Transactions have become smoother than ever with the convenience of credit cards – but it can also encourage you to unknowingly spend more than you can and end up with a credit card debt. So keep tracking your expenses and be disciplined with spending. If you are struggling with debt, start budgeting now and consider debt consolidation.
Be a better saver
Besides helping you to put money aside for emergencies and retirement, it will give you incentive for applying more money-saving tips to your daily routine and lifestyle. You could find a more affordable phone plan, or be inspired to cook more and take on DIY projects.
Achieve your long-term goals
It always helps to put things in perspective by budgeting for the long-term. Keeping the big goals in mind – be it a new car or a concert – curbs impulse buys and keeps you motivated to save. It is not about making big sacrifices in one shot. Think little compromises that add up. For example, it would not hurt to miss out on a few restaurant dinners a month and opt for a cosy get-together at home. This can save up for tickets for an overseas trip by the time the holidays roll around.
The golden rule of budgeting: Make it flexible
The common misconception about budgeting is that it is restrictive and makes life less enjoyable. Far from it – the long-term rewards it achieves make it worthwhile and in reality, it is not as confining as you think.
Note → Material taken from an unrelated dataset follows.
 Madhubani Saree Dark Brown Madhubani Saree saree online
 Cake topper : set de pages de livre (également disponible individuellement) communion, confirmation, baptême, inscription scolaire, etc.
Make your budget rewarding by setting aside money for fun. Also, adjust your plan as you go along. Imagine that it is nearing the end of the month, entertainment expenses are running dangerously low but you really want to catch that outdoor movie showing or music gig. There is no reason you should forego it, just arrange your budget so that it can accommodate that. Exercise a shrewd eye and move funds over from other areas of your budget. Our tip? Create a separate budget pool for extra expenses – kind of like your own money reserve.
You might be tempted to splurge the surplus, so calculate how much this reserve adds up to if you save it in whole month after month – knowing the ultimate figure (and the dream getaway it could finance) can prevent you from digging into the funds unnecessarily.